- **ASSIGNED TASK**:
Your task is to return exactly the lines that run from the one containing "Magna Cart Tote" through the end of the listing below, without any pictures.

==== INPUT DATA ====

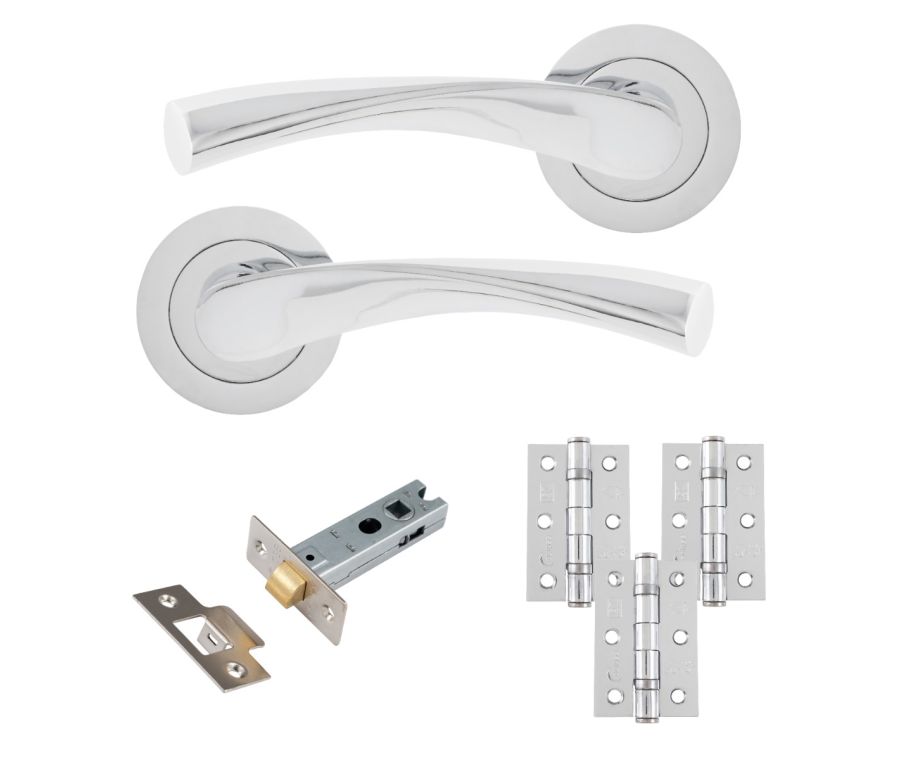 Eclipse Freestyle Polished Chrome Monza Latch Door Pack | 76x51mm (3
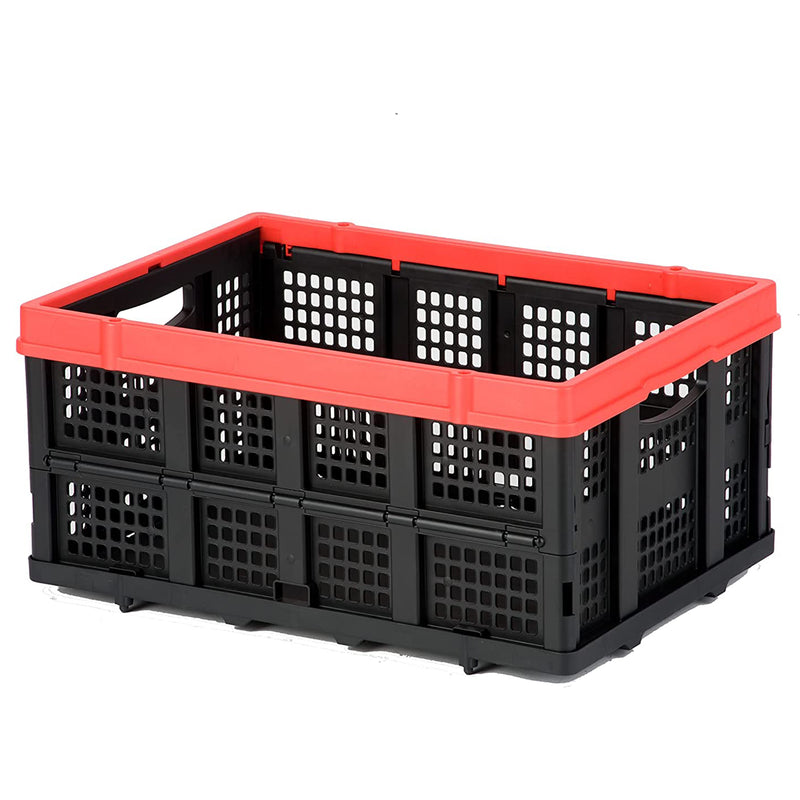 Magna Cart Tote 22" x 16" x 11" Collapsible Plastic Storage Crate, Black, 2 Pack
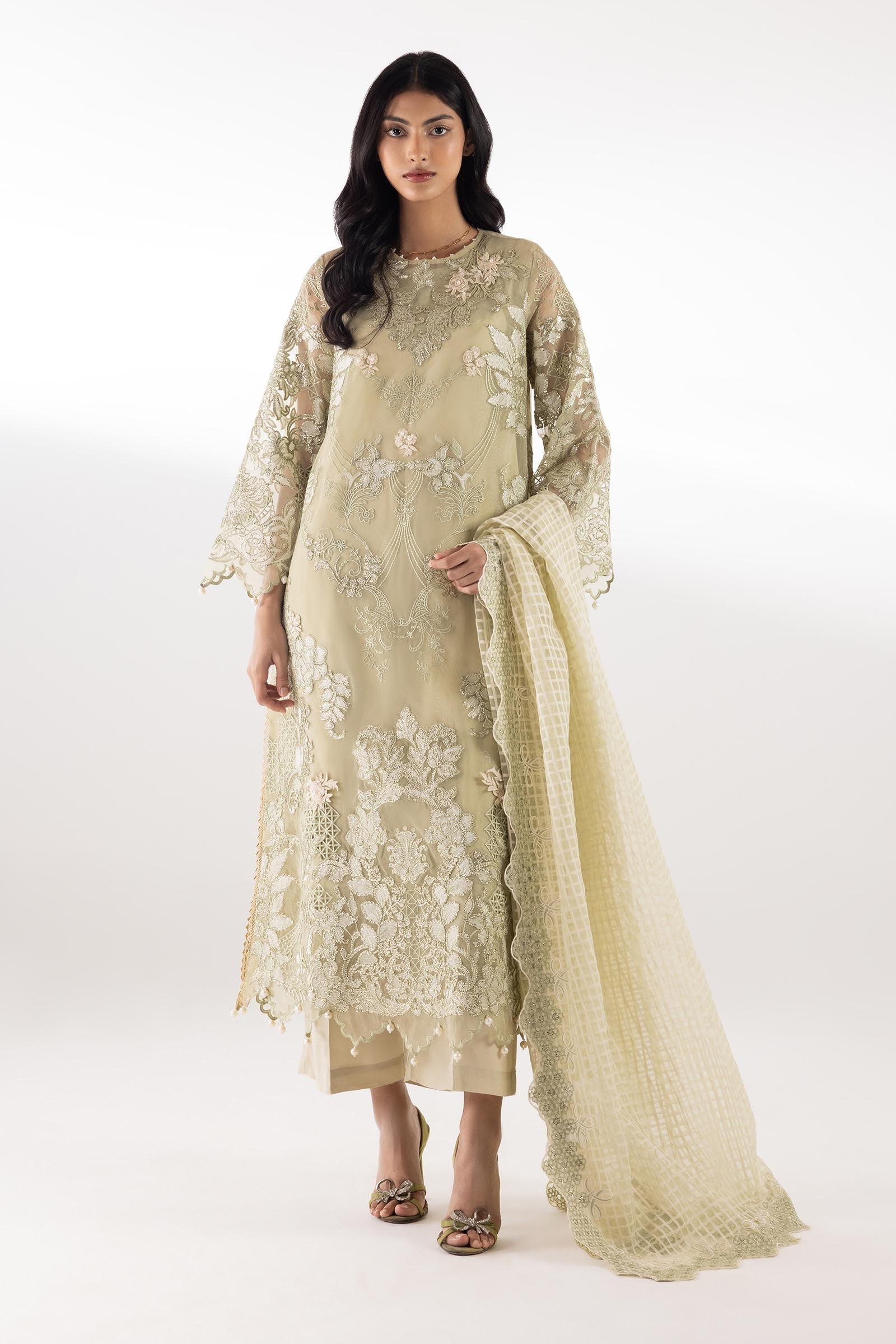 Sana Safinaz | Luxury Pret | Raw Silk Suit SC26EXE140P3 - Dress - available at Maria Faisal in UK and USA.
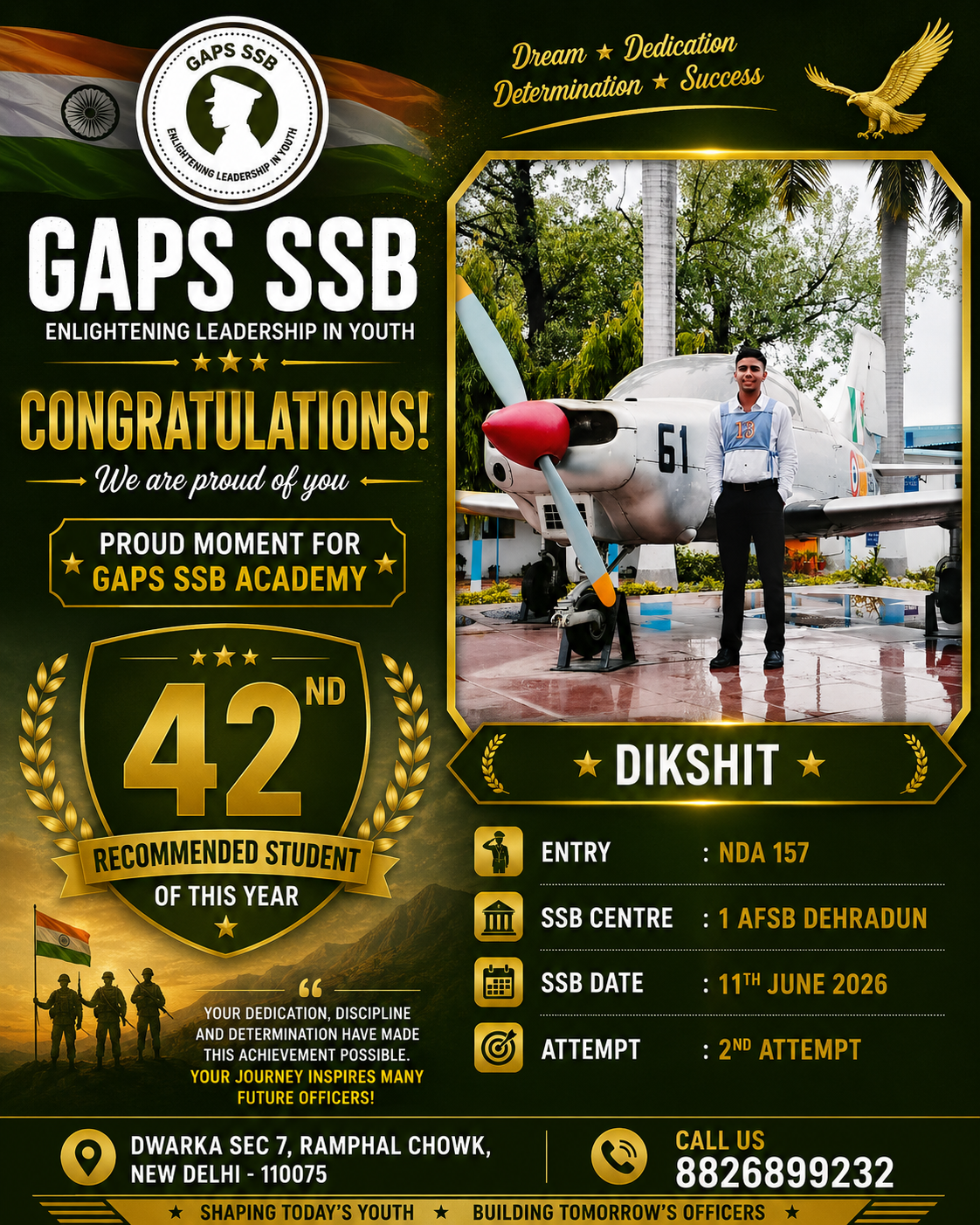 Recommended Student Dikshit from GAPS SSB for NDA 157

====

- **OUTPUT BELOW**:
 Magna Cart Tote 22" x 16" x 11" Collapsible Plastic Storage Crate, Black, 2 Pack
 Sana Safinaz | Luxury Pret | Raw Silk Suit SC26EXE140P3 - Dress - available at Maria Faisal in UK and USA.
 Recommended Student Dikshit from GAPS SSB for NDA 157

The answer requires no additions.